[NETVIRT-1022] CSIT Sporadic failures - major functionality breakage Created: 21/Nov/17  Updated: 10/Feb/18  Resolved: 10/Feb/18

Status: Verified
Project: netvirt
Component/s: General
Affects Version/s: Carbon-SR3
Fix Version/s: Carbon-SR3

Type: Bug Priority: Highest
Reporter: Jamo Luhrsen Assignee: Arunprakash D
Resolution: Done Votes: 0
Labels: csit:exception, csit:failures
Remaining Estimate: Not Specified
Time Spent: Not Specified
Original Estimate: Not Specified

Issue Links:
Relates
relates to NETVIRT-1038 vms fail to get dhcp address Resolved

 Description   

From time to time we find some jobs that really go south and have lots of failures. When
debugging and looking at the karaf.log there are many red flags, but one is the repeat
logging of this message:

2017-11-21 00:15:51,069 | INFO | pool-43-thread-1 | NaptPacketInHandler | 336 - org.opendaylight.netvirt.natservice-impl - 0.6.0.SNAPSHOT | onPacketReceived : Retry Packet IN Queue Size : 0

in this job [0] that message was printed over 900 times

something fundamental is broken in the environment and maybe the above log
message is benign. It does not appear very much in the jobs that are passing and
healthy.

here is the karaf.log [1] for that job [0]. The log also has a lot of NullPointerExceptions,
TransactionCommitFailedException, OptimisticLockFailedException, and UnsupportedOperationException.
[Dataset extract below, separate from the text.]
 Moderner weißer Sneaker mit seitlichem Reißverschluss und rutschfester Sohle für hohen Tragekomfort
more debugging and analysis is needed to figure out what is really broken.

[0] https://logs.opendaylight.org/releng/jenkins092/netvirt-csit-1node-openstack-ocata-upstream-stateful-oxygen/397/log_connectivity.html.gz
[1] https://logs.opendaylight.org/releng/jenkins092/netvirt-csit-1node-openstack-ocata-upstream-stateful-oxygen/397/odl_1/odl1_karaf.log.gz



 Comments   
Comment by Hanamantagoud Kandagal [ 28/Nov/17 ]

Hi Chetan / Karthikeyan ,

Please put the appropriate log level for the one which is appearing 900 times. It seems to be flooding the karaf logs.
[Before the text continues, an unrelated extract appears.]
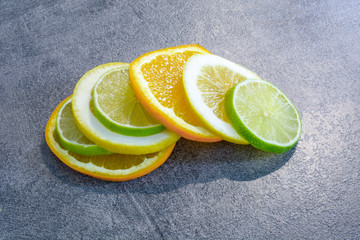 Orange Zitrone Limette Scheiben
Please analyze other exceptions as well.

 

Comment by Jamo Luhrsen [ 28/Nov/17 ]

btw, I already have this patch which changes debug level from INFO to DEBUG

Comment by Karthikeyan Krishnan [ 05/Dec/17 ]

Reason for failed TCs of FloatingIP Ping and SNAT TCP traffic:

================================================

Due to VM instance-2 is not getting IP address FloatingIP (DNAT) and SNAT (TCP) traffics are getting failed.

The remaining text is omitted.